Given data —
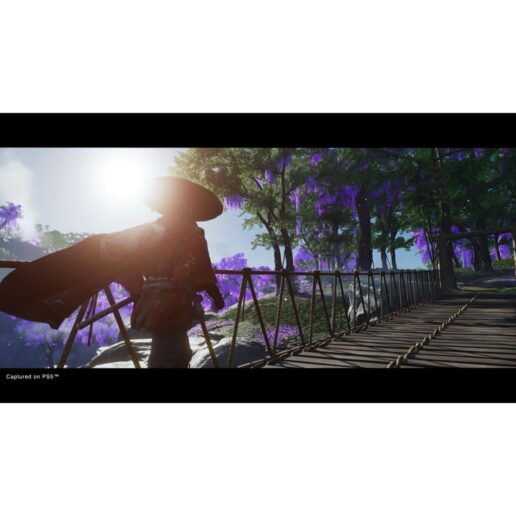 Ghost of Tsushima Directors Cut Playstation 5 PS5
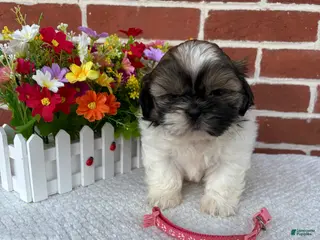 Shih Tzu dogs for sale: Carrie - Ad 4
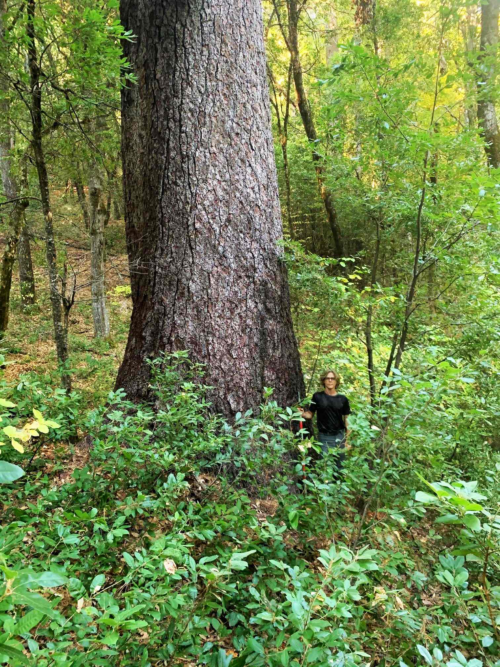 Old-growth forest near Strawberry Valley provides the topic of an upcoming tour. Photo courtesy Feather River Action!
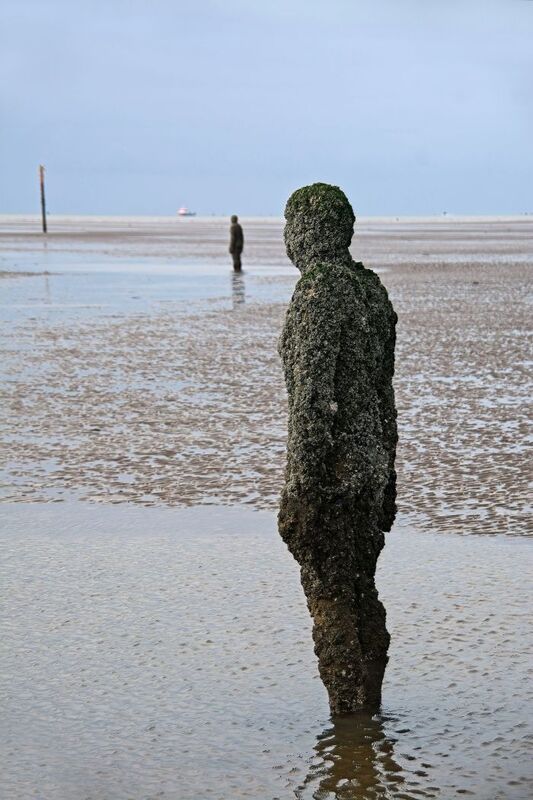DC 24-0746-051.jpg :: Crosby Beech, Merseyside: Commonly referred to as ‘The Iron Men’ (or even the Crosby Beach statues), the art installation is officially called ‘Another Place’. Another Place was created by world-famous artist and sculptor Sir Antony Gormley, who famously created The Angel of the North. The Iron Men consist of 100 cast iron figures that have been installed along Crosby Beach facing the sea. The figures themselves are modelled from Antony Gormley’s body, and they were cast in the UK in both Halifax and West Bromwich. The Iron Men arrived in Liverpool in July 2005, but their story begins nearly 10 years earlier. In 1997, Another Place was first installed on Cuxhaven beach, in Lower Saxony, Germany. From there, they went to Stavanger in Norway and then to De Panne in Belgium. When The Iron Men found their new home at Crosby Beach in 2005, it was only supposed to be temporary. Photo taken 27/10/2024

Activity —
Retyping should start at the first line of the data above and stop after the line with "Old-growth forest near", and no picture should be included.

Response area —
 Ghost of Tsushima Directors Cut Playstation 5 PS5
 Shih Tzu dogs for sale: Carrie - Ad 4
 Old-growth forest near Strawberry Valley provides the topic of an upcoming tour. Photo courtesy Feather River Action!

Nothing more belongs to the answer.